Task description:
Restate word for word the lines of the data below, from the first through the one that has "Finally, PUBG Mobile".

+++

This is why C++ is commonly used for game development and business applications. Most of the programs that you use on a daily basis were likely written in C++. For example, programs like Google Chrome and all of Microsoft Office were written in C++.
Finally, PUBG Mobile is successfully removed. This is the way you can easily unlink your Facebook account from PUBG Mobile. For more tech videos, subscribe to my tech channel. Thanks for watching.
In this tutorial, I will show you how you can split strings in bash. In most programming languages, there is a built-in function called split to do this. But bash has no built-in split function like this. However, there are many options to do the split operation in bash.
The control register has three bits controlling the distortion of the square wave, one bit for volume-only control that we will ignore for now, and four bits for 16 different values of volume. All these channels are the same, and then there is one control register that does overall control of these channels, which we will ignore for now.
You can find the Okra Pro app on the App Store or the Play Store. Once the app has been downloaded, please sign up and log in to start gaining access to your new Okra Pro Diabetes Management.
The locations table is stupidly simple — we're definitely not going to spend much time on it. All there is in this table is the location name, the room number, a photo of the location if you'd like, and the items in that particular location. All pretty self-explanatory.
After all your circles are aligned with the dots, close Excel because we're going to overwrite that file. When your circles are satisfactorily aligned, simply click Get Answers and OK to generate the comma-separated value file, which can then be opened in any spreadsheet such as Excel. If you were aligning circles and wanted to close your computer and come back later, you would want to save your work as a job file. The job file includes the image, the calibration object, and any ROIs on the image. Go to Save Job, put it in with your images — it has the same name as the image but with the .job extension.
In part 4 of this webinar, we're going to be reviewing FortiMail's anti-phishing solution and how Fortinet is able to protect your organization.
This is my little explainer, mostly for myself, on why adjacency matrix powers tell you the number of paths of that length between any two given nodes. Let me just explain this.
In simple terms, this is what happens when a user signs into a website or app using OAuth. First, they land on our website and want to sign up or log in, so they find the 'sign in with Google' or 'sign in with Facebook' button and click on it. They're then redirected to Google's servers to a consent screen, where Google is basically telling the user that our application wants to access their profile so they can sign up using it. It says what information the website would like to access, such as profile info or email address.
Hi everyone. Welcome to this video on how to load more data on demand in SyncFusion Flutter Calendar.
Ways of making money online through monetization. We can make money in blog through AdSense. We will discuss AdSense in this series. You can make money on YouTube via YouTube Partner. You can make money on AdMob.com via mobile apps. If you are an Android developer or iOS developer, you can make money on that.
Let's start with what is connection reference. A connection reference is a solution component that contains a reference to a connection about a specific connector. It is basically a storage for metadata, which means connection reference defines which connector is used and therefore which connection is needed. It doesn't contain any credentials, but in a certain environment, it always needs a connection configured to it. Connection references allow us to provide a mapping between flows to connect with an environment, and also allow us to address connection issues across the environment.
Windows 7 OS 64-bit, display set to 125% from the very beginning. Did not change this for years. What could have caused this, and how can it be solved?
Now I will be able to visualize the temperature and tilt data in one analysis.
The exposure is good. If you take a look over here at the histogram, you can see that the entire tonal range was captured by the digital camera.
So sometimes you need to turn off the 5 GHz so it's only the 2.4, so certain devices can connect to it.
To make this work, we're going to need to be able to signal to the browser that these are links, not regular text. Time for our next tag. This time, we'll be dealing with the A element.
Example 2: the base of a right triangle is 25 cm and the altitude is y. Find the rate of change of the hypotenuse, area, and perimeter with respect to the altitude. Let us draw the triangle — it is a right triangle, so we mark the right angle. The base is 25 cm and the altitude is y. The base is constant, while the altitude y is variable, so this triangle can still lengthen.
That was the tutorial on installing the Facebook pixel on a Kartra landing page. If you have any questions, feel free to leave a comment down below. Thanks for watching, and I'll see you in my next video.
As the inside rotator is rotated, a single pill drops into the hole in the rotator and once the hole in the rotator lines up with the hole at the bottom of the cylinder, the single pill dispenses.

+++

Answer below:
This is why C++ is commonly used for game development and business applications. Most of the programs that you use on a daily basis were likely written in C++. For example, programs like Google Chrome and all of Microsoft Office were written in C++.
Finally, PUBG Mobile is successfully removed. This is the way you can easily unlink your Facebook account from PUBG Mobile. For more tech videos, subscribe to my tech channel. Thanks for watching.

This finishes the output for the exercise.